「去年の冬、きみと別れ」岩田剛典インタビュー|“負けず嫌い”と“向上心”───俳優・岩田剛典を作るキーワード

ありがたくも身一つな状態

──先日出演が発表された「Vision」の河瀨直美監督が、岩田さんに対して「国内の人気者なだけでなく、世界の映画スターへの道を獲得してゆけばいいよ」とコメントされていました(参照:河瀬直美「Vision」に岩田剛典、美波、森山未來、田中泯、夏木マリが出演)。今後俳優として、目標や挑戦したいことはありますか?

岩田剛典

はい。ありがたいお言葉をいただいて……。今回の瀧本智行監督ももちろんですし、河瀨監督のもとでお芝居させていただけたというのは自分のキャリアにとってもすごく刺激的な経験でした。今後は自分の固定概念というか、パブリックイメージにとらわれずに、幅広い演技ができる役者を目指していきたいですね。

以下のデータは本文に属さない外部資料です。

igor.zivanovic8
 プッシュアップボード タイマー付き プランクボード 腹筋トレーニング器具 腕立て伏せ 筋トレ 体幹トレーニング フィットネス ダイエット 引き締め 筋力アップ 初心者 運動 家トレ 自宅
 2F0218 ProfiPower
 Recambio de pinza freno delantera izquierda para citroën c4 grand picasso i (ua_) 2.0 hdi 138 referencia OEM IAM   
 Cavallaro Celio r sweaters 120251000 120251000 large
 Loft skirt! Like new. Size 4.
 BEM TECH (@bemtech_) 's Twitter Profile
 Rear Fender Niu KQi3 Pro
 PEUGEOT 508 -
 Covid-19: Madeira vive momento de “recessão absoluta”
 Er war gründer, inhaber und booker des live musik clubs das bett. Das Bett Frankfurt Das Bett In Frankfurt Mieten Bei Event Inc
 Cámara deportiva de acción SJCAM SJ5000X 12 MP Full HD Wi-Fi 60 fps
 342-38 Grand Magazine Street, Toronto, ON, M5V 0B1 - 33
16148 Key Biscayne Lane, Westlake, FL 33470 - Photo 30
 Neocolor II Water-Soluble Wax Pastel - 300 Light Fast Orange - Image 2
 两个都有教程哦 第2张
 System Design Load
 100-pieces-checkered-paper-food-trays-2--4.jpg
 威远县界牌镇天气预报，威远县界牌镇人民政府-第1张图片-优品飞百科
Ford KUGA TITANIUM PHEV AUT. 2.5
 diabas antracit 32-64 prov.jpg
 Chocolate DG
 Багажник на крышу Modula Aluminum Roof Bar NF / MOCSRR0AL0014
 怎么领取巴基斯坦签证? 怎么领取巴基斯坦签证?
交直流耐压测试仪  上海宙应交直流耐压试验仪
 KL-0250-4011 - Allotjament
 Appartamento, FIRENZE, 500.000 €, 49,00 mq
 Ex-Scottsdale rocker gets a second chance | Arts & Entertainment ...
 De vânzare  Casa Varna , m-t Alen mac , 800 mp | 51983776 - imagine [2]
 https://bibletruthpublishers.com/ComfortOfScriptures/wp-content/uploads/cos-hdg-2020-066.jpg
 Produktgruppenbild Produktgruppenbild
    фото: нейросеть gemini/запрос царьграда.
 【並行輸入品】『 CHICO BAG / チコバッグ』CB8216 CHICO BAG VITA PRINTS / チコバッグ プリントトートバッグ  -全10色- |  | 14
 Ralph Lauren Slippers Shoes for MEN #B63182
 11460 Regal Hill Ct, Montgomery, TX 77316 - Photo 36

──そういう意味では、この「去年の冬、きみと別れ」の耶雲恭介という役柄は、まさに岩田さんのパブリックイメージを裏切るような役柄ですね。

そう思います。だからいいタイミングでこの作品に出会えたと思うし、自分にとってすごくチャレンジングな役柄だった分、チャンスでもあったと感じています。

──結婚を控える耶雲は、独身のうちに大きなことを1つ成し遂げたいという気持ちから、婚約者よりも仕事を優先して没頭していきますよね。ご自身の仕事や家族のような大切な人に対するスタンスと比べていかがですか?

「去年の冬、きみと別れ」より。左から山本美月演じる松田百合子、岩田剛典演じる耶雲恭介。

僕は家庭を持っていないので、守るものもそう多くはないんです。たぶん家庭を持つと、生きる意味や目標のベクトルが自分以外のところに向かうのかなという気がします。だから今は、そういった意味であまり深く考えなくていい、ありがたくも身一つな状態で自分の好きなことを追求させてもらっていて。まあ両親がまだ元気なうちに、恩返ししたいなっていう気持ちはありますね。職業柄、一緒に過ごすのはなかなか難しいですけど、親も自分の活動を応援してくれています。僕にできることは、自分の仕事を観てもらって「元気だよ」ってアピールすることぐらいなのかな。

撮影中は、自分の生活を閉ざしていた

──では作品の話に移りましょう。まずは中村文則さんの原作を読んだときの感想を教えてください。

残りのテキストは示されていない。